YOUR OBJECTIVE
Start at the line below containing "Gold Butterfly Charm Bracelet" and stop at the line containing "Ghete dama piele". Repeat every line of that stretch exactly, and nothing outside it.

Records excerpted from a collection:

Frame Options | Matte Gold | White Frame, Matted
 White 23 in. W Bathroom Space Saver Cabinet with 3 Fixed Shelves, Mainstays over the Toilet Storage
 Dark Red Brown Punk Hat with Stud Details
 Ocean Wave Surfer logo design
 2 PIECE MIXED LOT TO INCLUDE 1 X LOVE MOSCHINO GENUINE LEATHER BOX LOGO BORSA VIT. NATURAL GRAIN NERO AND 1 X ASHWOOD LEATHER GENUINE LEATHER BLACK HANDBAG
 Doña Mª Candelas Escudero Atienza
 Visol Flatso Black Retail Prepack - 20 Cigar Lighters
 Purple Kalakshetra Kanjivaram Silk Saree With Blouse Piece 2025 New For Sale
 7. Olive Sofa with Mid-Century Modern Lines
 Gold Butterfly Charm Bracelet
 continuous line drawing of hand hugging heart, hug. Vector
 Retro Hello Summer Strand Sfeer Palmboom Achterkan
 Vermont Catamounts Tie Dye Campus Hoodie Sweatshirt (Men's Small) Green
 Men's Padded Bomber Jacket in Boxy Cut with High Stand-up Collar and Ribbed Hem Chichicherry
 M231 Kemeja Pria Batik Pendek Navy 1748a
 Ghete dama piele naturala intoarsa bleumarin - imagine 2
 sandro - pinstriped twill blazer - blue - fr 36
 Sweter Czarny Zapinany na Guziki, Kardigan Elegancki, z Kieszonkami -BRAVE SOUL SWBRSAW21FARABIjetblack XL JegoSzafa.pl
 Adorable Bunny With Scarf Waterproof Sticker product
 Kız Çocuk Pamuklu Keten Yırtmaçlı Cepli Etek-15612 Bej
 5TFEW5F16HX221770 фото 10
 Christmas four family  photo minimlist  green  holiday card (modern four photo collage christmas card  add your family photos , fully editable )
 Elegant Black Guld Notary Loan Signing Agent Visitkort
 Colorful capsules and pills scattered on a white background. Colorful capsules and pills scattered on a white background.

REPLY TO THE TASK
 Gold Butterfly Charm Bracelet
 continuous line drawing of hand hugging heart, hug. Vector
 Retro Hello Summer Strand Sfeer Palmboom Achterkan
 Vermont Catamounts Tie Dye Campus Hoodie Sweatshirt (Men's Small) Green
 Men's Padded Bomber Jacket in Boxy Cut with High Stand-up Collar and Ribbed Hem Chichicherry
 M231 Kemeja Pria Batik Pendek Navy 1748a
 Ghete dama piele naturala intoarsa bleumarin - imagine 2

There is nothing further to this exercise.